Another interesting discovery...the pigweed flea beetle!  It feeds almost exclusively on amaranth, which made it pretty easy to identify.


 Its caterpillar form is already tearing into the amaranth leaves...


...but I'm not planning to harvest the amaranth and I don't mind a few chewed-up leaves.  

Still seeing plenty of deer...


...rabbits...


...and our wood ducks!  💗

(herons too!)

I love watching their progress.  Yesterday they were finally "allowed" by mama to swim the pond all by themselves!  She watched closely from the bank.


After the loss of so many young birds this year, I was ready to relax about our ducklings, until...


At first I thought it was a frog, but as I watched...


Another snapping turtle!  Argh! What do snapping turtles eat?  Fish, like the expensive grass carp that we just introduced to the pond...and birds.  Ducklings, full-grown ducks, and they've even been known to pull herons into the water!  They also eat frogs.  We're talking about trying to live-trap it and move it to the back pond, where it will do less damage.  

Otherwise, a bit of baking...



...and a bit of leisure time.


Looking forward to more.  Have a great week!  











Monday, March 22, 2021

the beat goes on

So say famed philosophers S. Bono and Cher, and it seems to be true.  The season is advancing, days are getting warmer, and things are greening up.  We're seeing more living things...after a quiet winter, mice are infiltrating the barn, looking for a comfortable spot to make a nest.


Todd was moving some large rocks and uncovered this salamander, the first that I'd ever seen here!  I carefully carried him to a safer place.


Spring peepers are singing both day and night.  This little guy was giving a great solo performance by our front door!


More delights in the established garden.  The mystery daffodils - one set, anyway - have revealed themselves to be tiny, delicate flowers that are perfect for bud vases.



New growth is continually popping out at the base of my perennials.


Love the color on this perennial geranium!


Of course, I'm very busy with my growing seedlings, nearly to the exclusion of all other things.  I wish I wasn't so single-minded with my focus.  I've joked that I'm a "serial monogamist" with my hobbies, throwing myself into one at a time, but always cycling back through the others eventually.  

Executive decision made:  these guys are being hardened off this week (left outside for long intervals to get used to the environment) and will go in the ground before April 1st.  Snapdragons, stock, honeywort, calendula, and "missing tag" things - something that's becoming more frequent.


I checked my winter sow containers and decided that bachelor buttons and clarkia were ready to go in the ground.

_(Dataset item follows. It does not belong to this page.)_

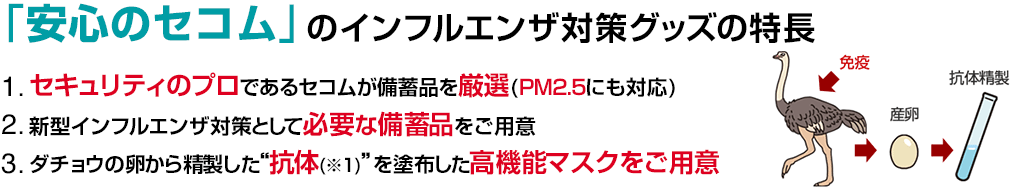 「安心のセコム」のインフルエンザ対策グッズの特長 1．セキュリティのプロであるセコムが備蓄品を厳選（PM2.5にも対応）2．新型インフルエンザ対策として必要な備蓄品が一式そろう 3．ダチョウの卵から精製した“抗体（※1）”を塗布した高機能マスクをご用意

Shovel on compost, work into the soil, lay down thick brown paper as a weed preventative, cut big Xs for the seedlings, plant seedlings, cover area with mulch, water...phew.  It's hard work, and I ache all over today, but it's nice to have things actively in the ground and growing!

More peeking into winter sow containers showed that some seeds were sown way, way too thickly...in particular my poppies and my nicotiana.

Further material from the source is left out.